Now the same thuggish activities are being directed toward the Occupyers across the country. In fact, it was reported that police tactics are being coordinated in different cities.
The Occupy poster face now belongs to Dorli Rainey, the 84-year-old woman who was pepper sprayed by police in Seattle. Between the pepper spray and the liquid used to treat it, Rainey’s face looked like melted wax. The Seattle cops, like others throughout the country, went after the Occupyers after dark. There were no reports of misbehavior on the part of the demonstrators, but the cops didn’t need much provocation. They learned generations ago that the mere presence of anti-establishment types is enough to bring out their best oppression techniques.
Police need to remember they are not in the crime prevention business but rather law enforcement. There is a difference.
When the Occupy Wall Street movement began in New York, Mayor Michael Bloomberg said he had two priorities: guaranteeing public health and safety and guaranteeing the protester’s First Amendment rights (speech and assembly).
It didn’t take long for the mayor to begin the crackdown on Occupyers who were causing no trouble, just being a nuisance to those in power. They were ousted from Zuccotti Park and, according to Timothy Karr at the Huffington Post, journalists covering the Occupy movement have been arrested and harassed for simply reporting. Karr said 25 journalists have been arrested and others were "roughed up, tear gassed or peppery sprayed."
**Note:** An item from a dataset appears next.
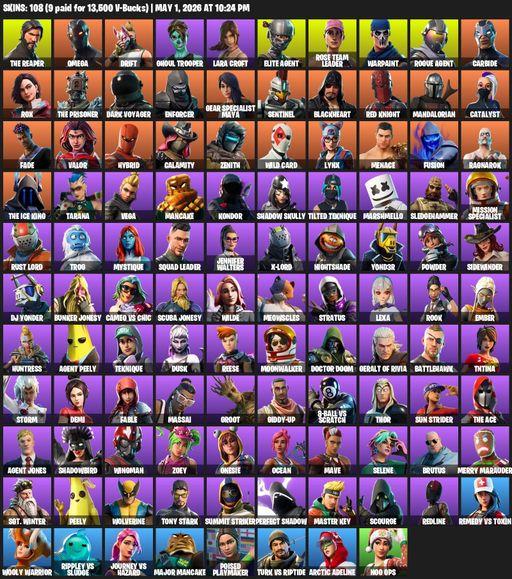 [PC/PSN/XBOX] | 108 skins | Take The L | OG STW | The Reaper | Elite Agent | Omega | Lara Croft | Drift | Ghoul Trooper | Rose Team Leader | Warpaint | Full Access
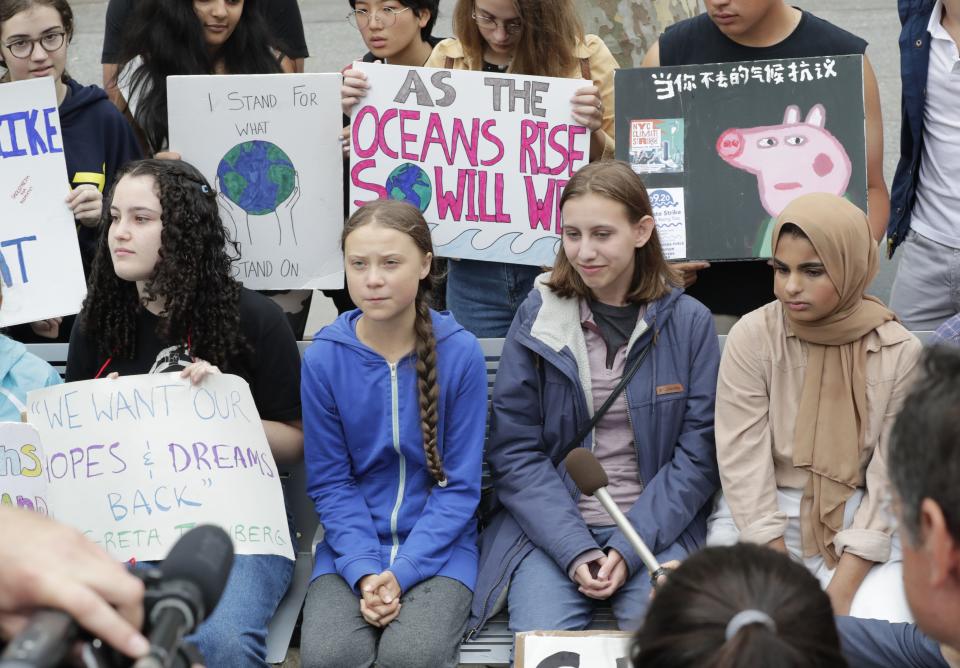 Greta Thunberg and Alexandria Villasenor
So Bloomberg has come down squarely on the side of public safety (though no one has ever been in danger) against free speech and assembly. Of course, the Constitution says nothing about safety. In a country embracing conservative policies, however, safety trumps speech that contradicts the awe-inspiring gospel that comes from the suits on Wall Street.
It’s one thing to have police on the scene to keep an eye on the proceedings, and quite another for them to be aggressors. They’re sworn to protect and serve, but they’re also part of the lower classes that the Occupyers are demonstrating for, whether they want to admit it or not.
In city after city, police forces are seeing budget cuts of personnel and equipment. Some cities, like Camden, N.J., are seeing an increase in low-level crime simply because the perpetrators can get away with it as laid-off cops sit at home watching TV.
In effect, then, the cops are serving and protecting the very people who are taking away their livelihood.
While the Occupyers and the journalists covering them are being arrested in record numbers, Catherine Rampel of The New York Times reports that federal financial institution fraud cases have plunged in the last few years to a projected 1,365 prosecutions for 2011, less than half of a decade ago. Are we to believe that bank fraud has really gone down while other federal criminal prosecutions have doubled in the last decade?
So Wall Street continues to get away with it. The Occupyers, in their disjointed but highly diverse way, bring attention to the continuing unholy matrimony between the government and corporations, a union that is taking this country on the road to ruin. A recent study found 45 percent of working Americans struggle to pay monthly bills and put food on the table. I’ll bet there are some cops in there.